Page 3 of 3

Re: HTTrack project 20GB

Posted: Sat Aug 18, 2012 5:08 am
by llarson
LexieTheFox wrote:
VirtLands wrote:The following attachment is a sorted list of member names, ID's, emails,
compiled from 241 member webpages. Click on the attached download.

Enjoy. Image Image Image
Ok um... I'm not ok with my ID or Email being given out on that mirror website. Please, when its up. Display my name ONLY.
Agreed :| Except only showing my username.

Re: HTTrack project 20GB

Posted: Sat Aug 18, 2012 5:22 am
by tyteen4a03
LexieTheFox wrote:
VirtLands wrote:The following attachment is a sorted list of member names, ID's, emails,
compiled from 241 member webpages. Click on the attached download.

Enjoy. Image Image Image
Ok um... I'm not ok with my ID or Email being given out on that mirror website. Please, when its up.
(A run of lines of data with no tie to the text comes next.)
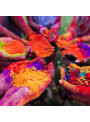 Tinta em Pó Colorido Rosa 50g Chá Revelação Carnaval Festa das Cores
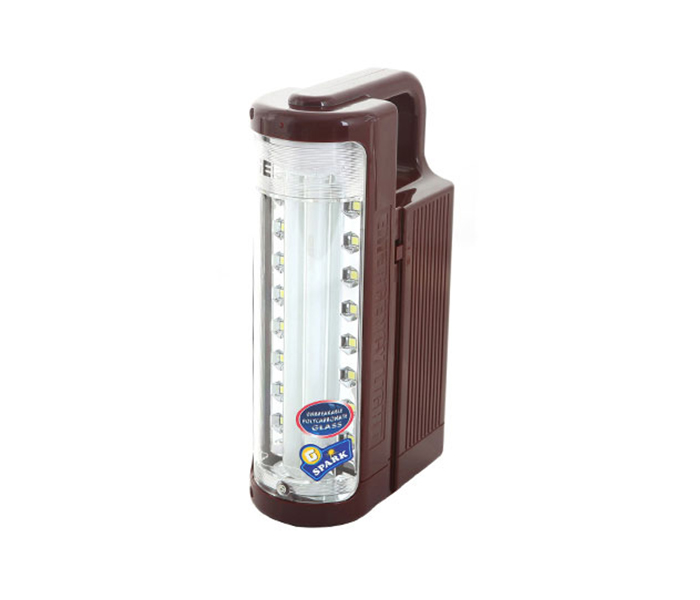 Geepas CO1750+1750 Combo 20-Piece Rechargeable LED Emergency Lantern - Brown - Zoom Image 1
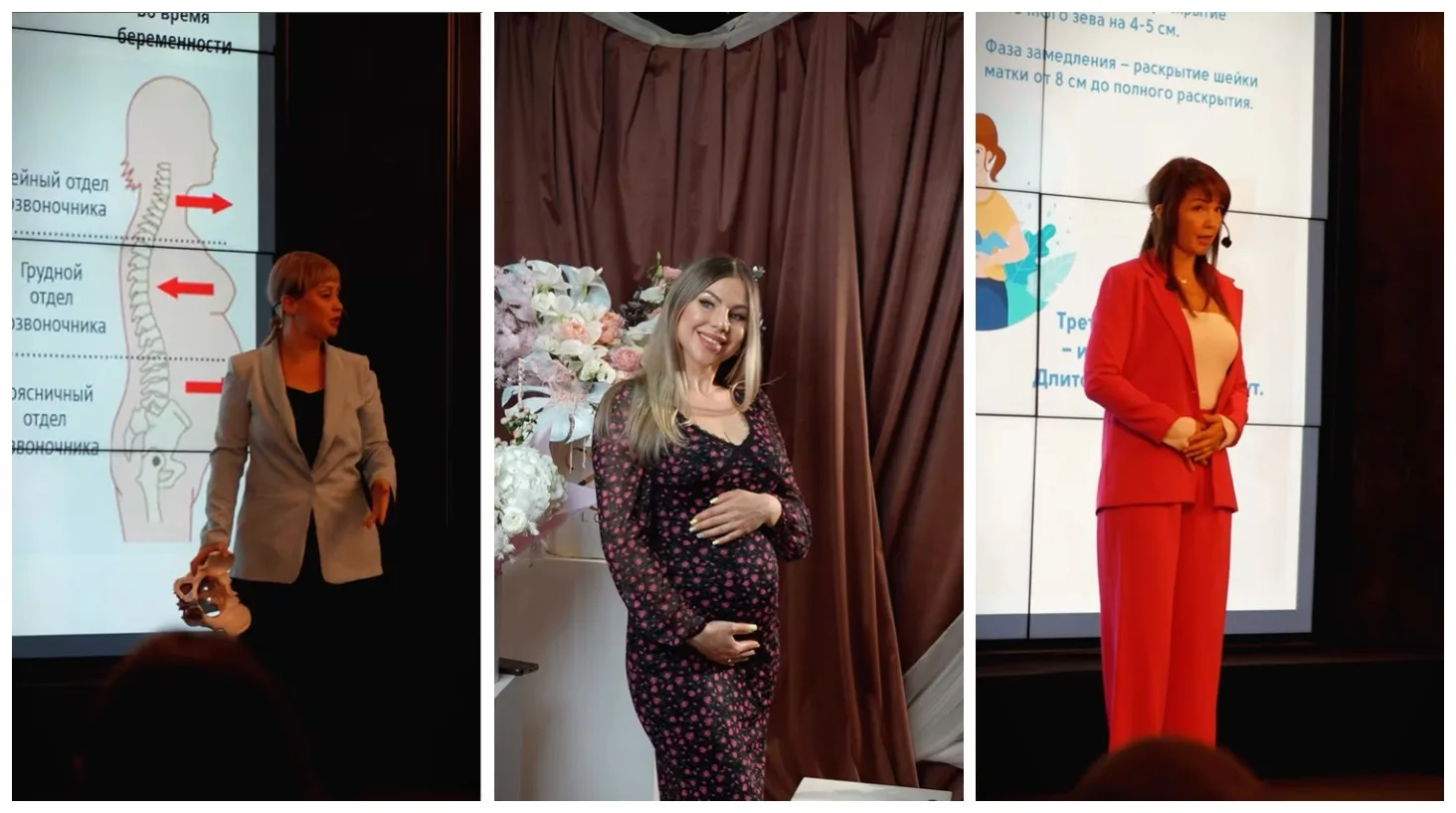 mama fest that prepared for mons-to be for parenting established in Krygystan 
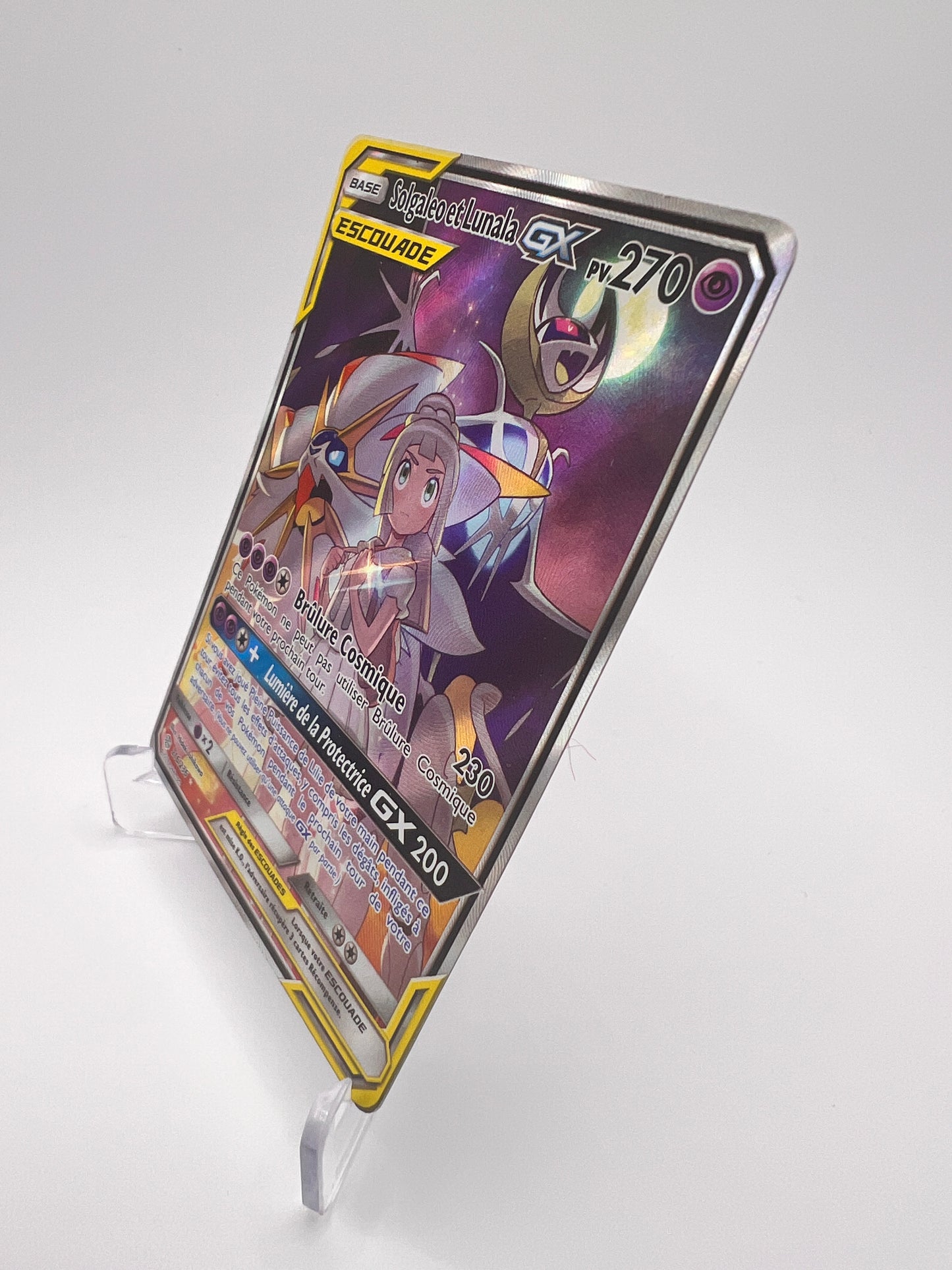 Solgaleo et Lunala GX 216/236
Display my name ONLY.
Firstly, the informations exposed by VirtLands has nothing to do with me. Secondly, if you choose to publicly display your email address the bot will grab them, but they will never be shown in the public. If you did not, the bot will not attempt to grab them.

(For anybody that is worried about the exposure of emails in the Off-Topic area - the bot is never configured to access the Off-Topic area in any way, nor is there code to scrap information only accessible by a moderator)
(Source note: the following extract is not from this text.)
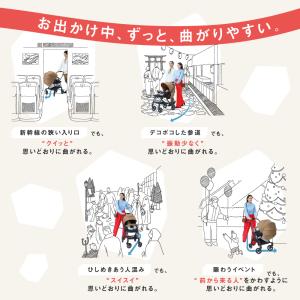 ピジョン ランフィRB5 ベビーカー 多機能 ...の詳細画像4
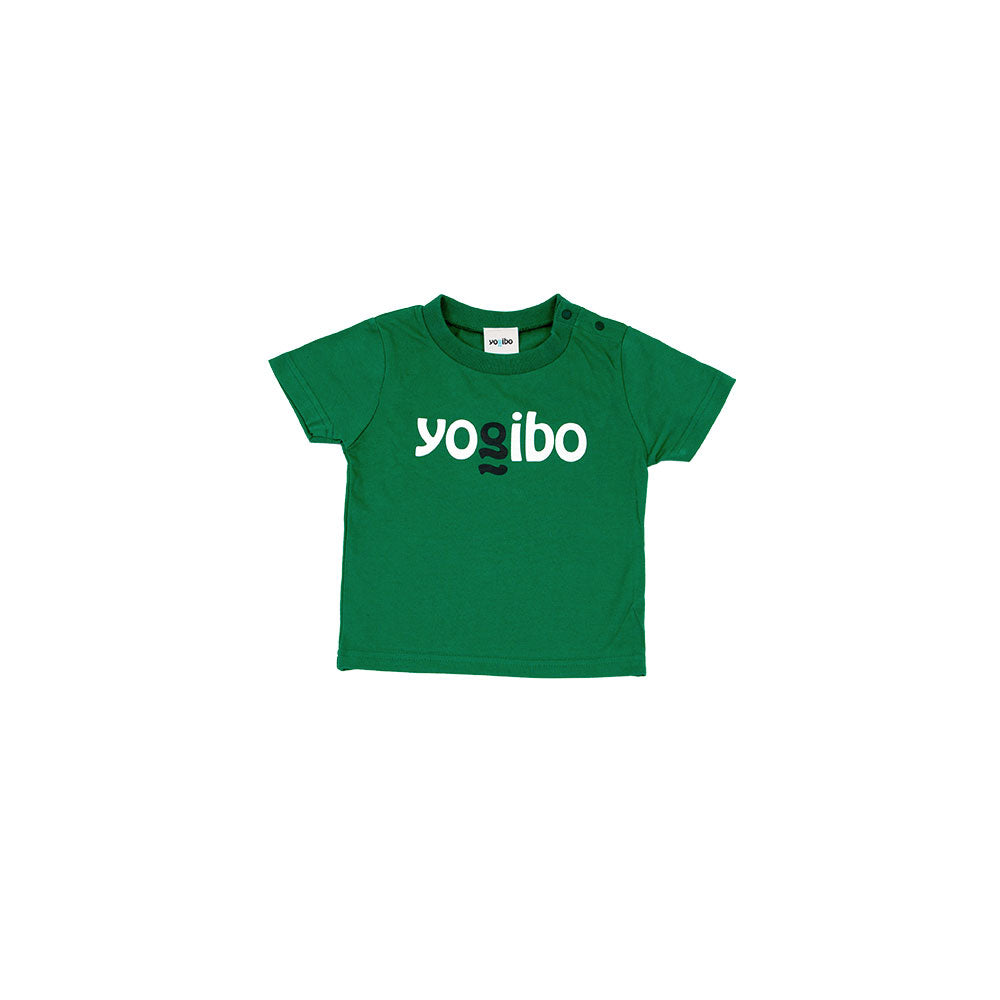 Yogibo Logo T-Shirt グリーン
Posted: Sat Aug 18, 2012 2:07 pm
by Wonderman109
I don't want anything but my username being given away either, please. :| :!: :o

Posted: Sat Aug 18, 2012 3:30 pm
by jdl
Guys, your ID/Email/other personal stuff isn't going to be given away. :?

Posted: Sat Aug 18, 2012 4:59 pm
by tyteen4a03
Wonderman109 wrote:I don't want anything but my username being given away either, please. :| :!: :o
If you did not give away your personal information publicly, the bot won't be able to get them.

emails list

Posted: Sat Aug 18, 2012 5:58 pm
by VirtLands
I have removed the PCPuzzle Member's List.TXT attachment from page 1.
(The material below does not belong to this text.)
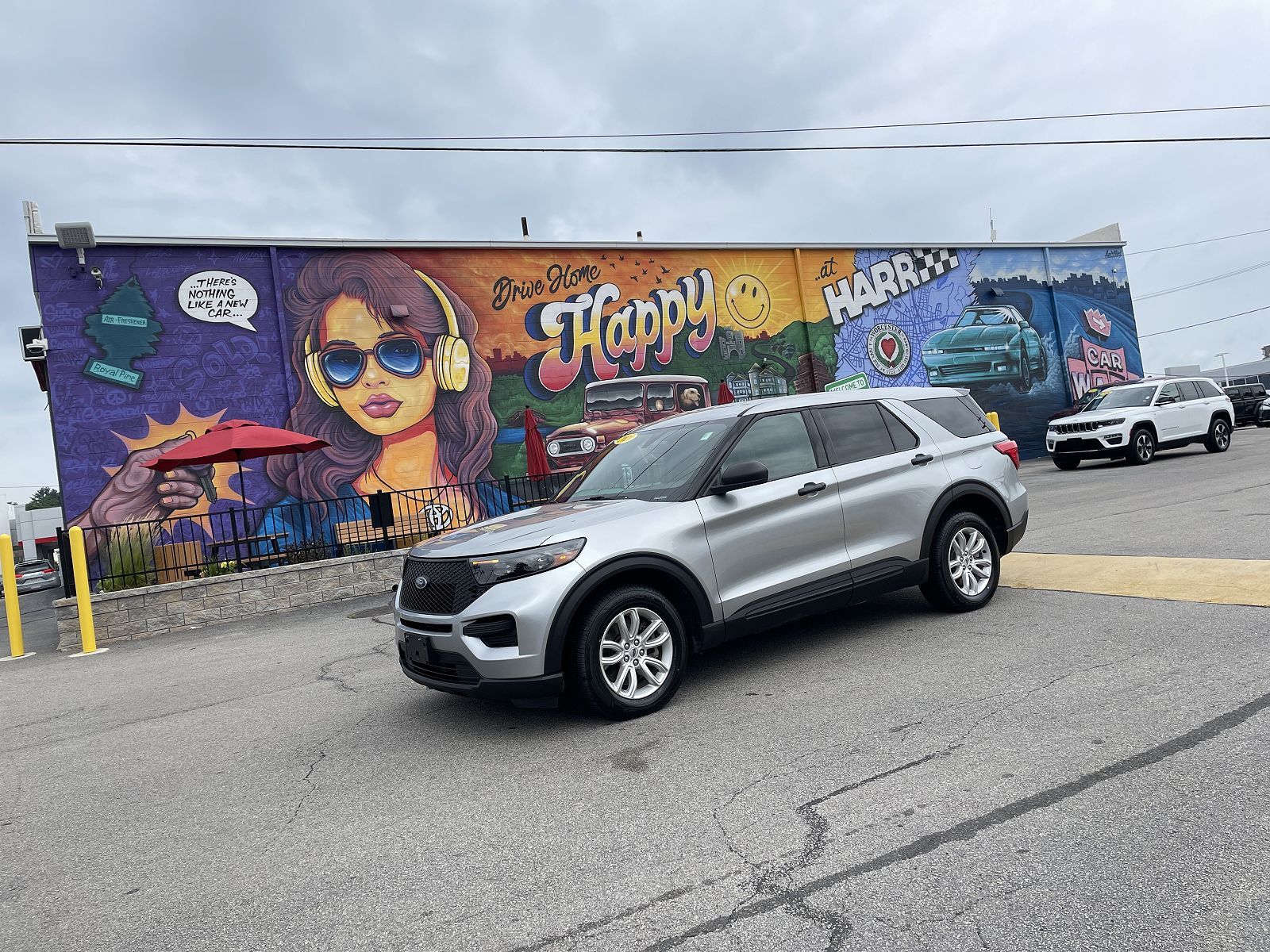 2020 FORD Explorer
Wonderman109 wrote" Ị̤̣ d̤̣̣̣̣o̤̤̣̤n̤̤̤̤̤̣'̤̣̣̤̣̣ṭ̣̣̤̣̤ ẉ̤̤̤̤̣ạ̣̤n̤̣̣̣t̤̤̣̤̤ ạ̤̣̣̤ṇ̣̤̣y̤̤̣̣t̤̣̣h̤̣̤i̤̤̤̤ṇ̤̣̣̤g̣̣̤̤̤̣ b̤̣̤̤̣̤ṳ̤̣̤̣̤t̤̤̤̤̣̤ m̤̣̣̣y̤̣̤ ṳ̤̣̣s̤̤̤̣ẹ̤̣̣̣ṛ̣̣̤̣n̤̤̣̣̣̣ạ̣̤̤̤̤m̤̤̣e̤̤̣ ḅ̤̣̣̤ẹ̣̣̤̤ị̣̤̣ṇ̣̤̤̤g̤̤̤̣̤̤ g̤̤̤̣i̤̣̣ṿ̣̤ẹ̣̣n̤̣̤̤̤ a̤̤̣̤̣ẉ̤̣ạ̣̣̤y̤̤̣̤̣̣ ẹ̣̤ị̣̣t̤̤̣̣ḥ̣̣̤ẹ̤̤̤r̤̤̤̣̣,̤̣̣̣̤̤ p̣̤̣̣̤̣l̤̤̤̣ẹ̣̣̤̣̤a̤̤̣̣̣s̤̤̤̣̤e̤̤̤̤̤̤.̣̣̣ Image


Image Image Image

Posted: Sat Aug 18, 2012 7:08 pm
by tyteen4a03
That is what I mean by "public information".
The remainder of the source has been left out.